Lord Paddick
Main Page: Lord Paddick (Non-affiliated - Life peer)Department Debates - View all Lord Paddick's debates with the Ministry of Justice
(3 years, 8 months ago)
Lords ChamberDoes anyone else in the Chamber wish to speak? No? I call the next speaker on the list, the noble Lord, Lord Paddick.
My Lords, as the noble Baroness, Lady Helic, has said, with the best will in the world, much of the legislation that this House passes will be ineffective if judges do not understand the issues. Sadly, in some cases—albeit a limited number—it is clear that they do not understand the issues surrounding domestic abuse, in particular, coercive control, rape and sexual abuse, despite current training.
To the noble and learned Baroness, Lady Butler-Sloss, I would say that there is a difference between outputs and outcomes. I am not sure whether this is an appropriate analogy, but I know from my own experience of race relations training, for example, that the cultural shift needed is difficult to achieve. The proof of the pudding is in the eating and, at times, the training of the judiciary has failed the test. Despite the Minister’s assertion, I fail to understand how mandating such training without dictating the specific content can be contrary to the principle of judicial independence, as my noble friend Lord Marks of Henley-on-Thames has said.
However, we are grateful for the reassurances that the Government have given as a result of the concerted efforts by the noble Baroness, Lady Helic, and my noble friend Lord Marks of Henley-on-Thames.
My Lords, we on these Benches support the intention behind the noble Baroness’s amendment. The case for improved training is well made. The amendment’s wording does not dictate what the training should be but puts the requirement for it in the Bill. Around the House, I think that we can all agree on the need for updated, quality training and to ensure that it happens.

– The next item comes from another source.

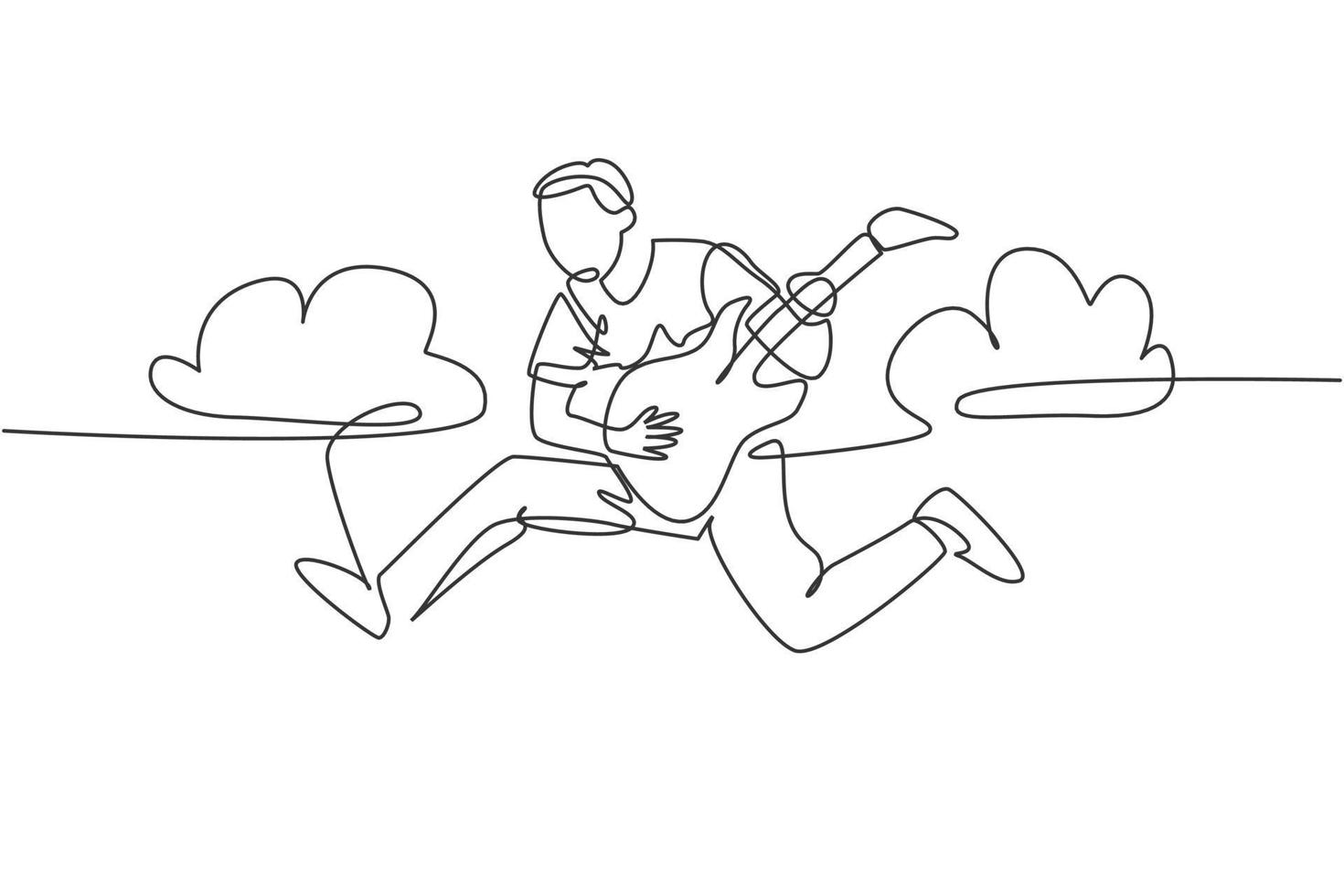 Single line drawing of young energetic guitarist jumping at stage and playing his electric guitar. Energetic musician artist performance concept. Continuous line draw design vector illustration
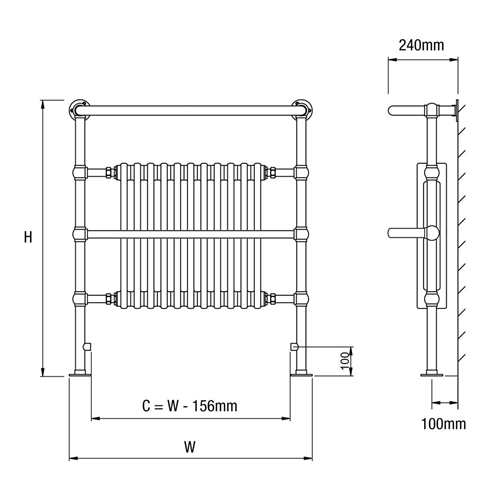 DQ Heating Old Buckenham Floor Mounted Luxury Traditional Heated Towel Rail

I have said many times that this is a good Bill and will be a good Act of Parliament, but it is important that everything is done to ensure that all aspects of the law are correct. That includes ensuring that our judges and magistrates are properly trained. We owe that to victims, because domestic abuse is something that we now talk about in the country and in the House. That was not the case many years ago and we should not just assume that judges and magistrates completely understand the issues. That is why it is important that we get the training right.
I accept entirely the point the noble Lord, Lord Wolfson, makes about judicial independence. I think we all support that, but there have been one or two occasions at the other end of the building when other parts of the Conservative Party were not so keen on judicial independence, when the judge made a decision that they did not like—we should get that on the record. It is not always the case that there is a great call of support for judicial independence, but I will leave the point there. I do not in any way bring the noble Lord into that; I have the highest respect for him.
I must ask at this point: does anyone in the Chamber wish to speak? No? In that case it is over to the noble Lord, Lord Paddick.
My Lords, it really is a pleasure to follow the noble Baroness, Lady Jones of Moulsecoomb, for reasons that will become apparent, not least because we are three non-lawyers in a row.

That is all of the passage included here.